Anti-Fraud Police Unit Prevented £100m of Theft Last Year
A specialist police unit dedicated to thwarting fraudsters prevented a record £101 million from being stolen last year - but warns that scammers will try to exploit from the cost of living crisis this year.
The Dedicated Card and Payment Crime Unit (DCPCU) targets the organised criminal gangs behind fraud. Last year, its investigations busted 23 criminal gangs and arrested 123 suspected scammers, some of whom were preying on anxieties about the pandemic.
For example, the unit saw the successful prosecution of a swindler who sent out thousands of text messages claiming to be from the NHS, banks, and mobile providers to harvest personal information. The man was ultimately sentenced to four years and three months in prison.
The unit also helped to cage another cheat, who stole a total of £943,743 between February 2019 and July 2020 by harvesting personal details online and through mail theft. Armed with the personal data of his targets, he ordered new bank cards, PINs, and phone SIMs for them, intercepted them in the post, and hijacked their bank accounts to fund his lavish lifestyle. He’s been sentenced to five years and three months in prison.
In total, the gang prevented £101 million from being stolen, the highest in its 20-year history. That figure is based on the estimated value of the crime that would have occurred if the unit had not seized data and equipment held by gangs, including card skimming tools and devices containing personal data.
Katy Worobec, Managing Director of Economic Crime at UK Finance, said some of this money would have funded “serious criminal activities, including terrorism, human trafficking and drugs smuggling.”
Unit head Detective Chief Inspector Gary Robinson said the officers had “worked tirelessly” and their success had been aided by “close partnerships” with banks and mobile phone companies and the Crown Prosecution Service.
In a conversation with The Guardian, he warned that swindlers may be emboldened by the recent financial squeeze and exploit money worries to persuade people to hand over their personal details.

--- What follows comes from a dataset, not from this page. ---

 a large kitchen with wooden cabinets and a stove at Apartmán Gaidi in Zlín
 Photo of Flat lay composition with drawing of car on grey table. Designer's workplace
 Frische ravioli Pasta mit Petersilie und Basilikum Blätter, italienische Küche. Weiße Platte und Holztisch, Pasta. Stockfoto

“The next thing I can foresee is criminals using the cost of living crisis to social-engineer people - they might send messages offering rebates on gas and electricity and play on people’s vulnerabilities,” he said.

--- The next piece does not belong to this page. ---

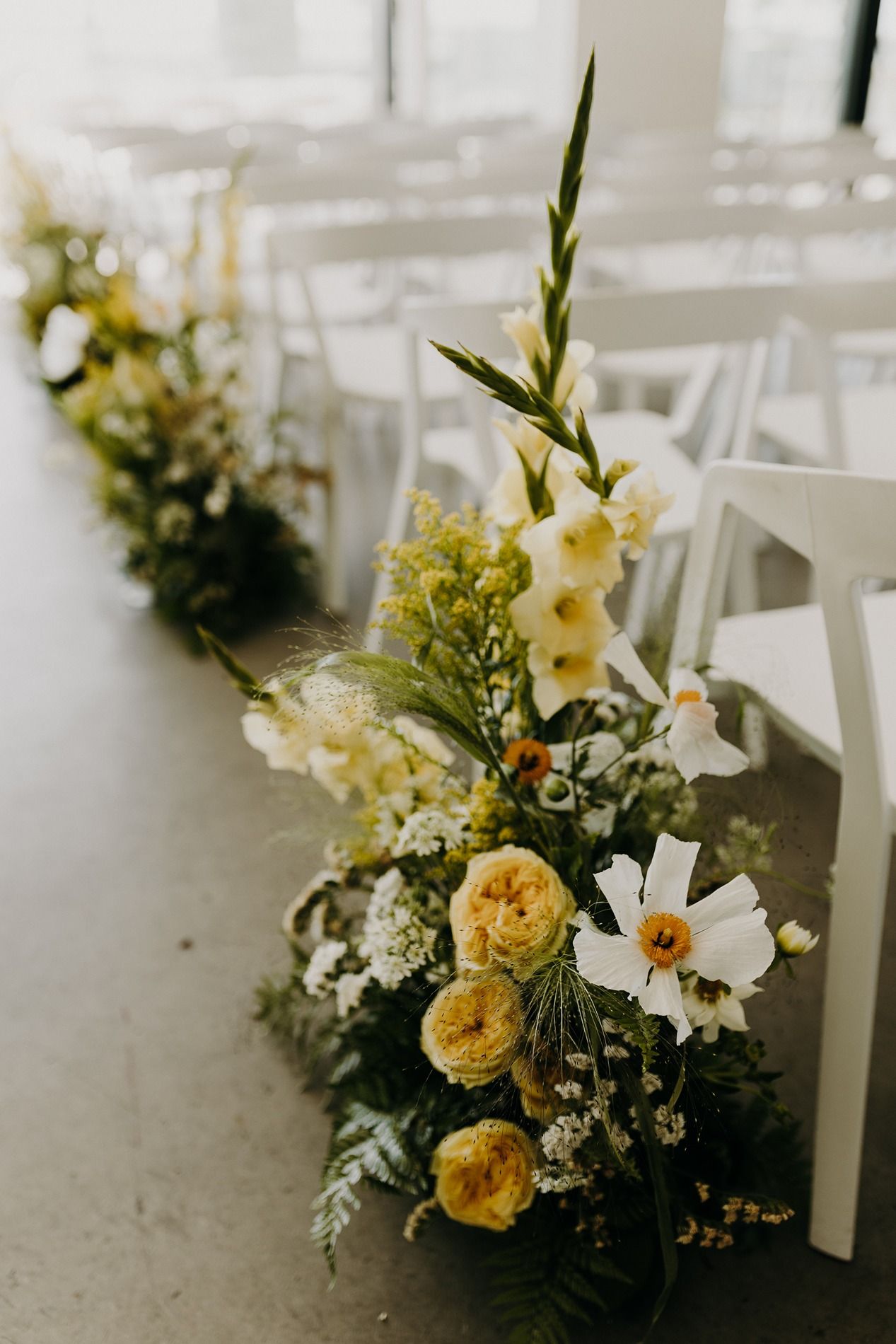 Yellow and white floral wedding aisle arrangement with roses, gladiolus, and greenery beside white chairs at The Lane.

“Fraudsters move with the times - whatever is the latest trend, that’s what they tend to switch to,” he added. “Through the pandemic we started with vaccines, then we went to tax rebates as people were working from home, then back to vaccines, then delivery scams as people were shopping online. Then we saw an increase in romance scams as people were lonely at home.”

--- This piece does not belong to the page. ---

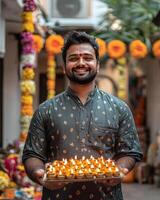 joyful man holds tray of lit lamps during festive celebration photo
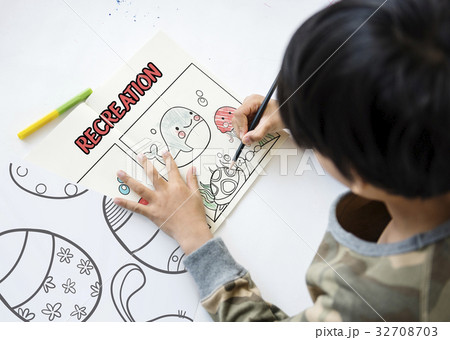 Young boy working on drawing pad network graphic overlay Young boy working on drawing pad network graphic overlay 32708703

He said criminals are also posing as representatives from banks and building societies, including from their fraud teams. He urged people to have caution when they’re contacted by someone purporting to be from their bank.
“It’s OK to reject, refuse or ignore any requests that they’re making. Criminals will try to rush you but your bank or the police won’t,” he said.
UK Finance’s Worobec agreed. “We urge everyone to follow the advice of our Take Five to Stop Fraud campaign: always take a moment to stop and think before parting with your money or information.”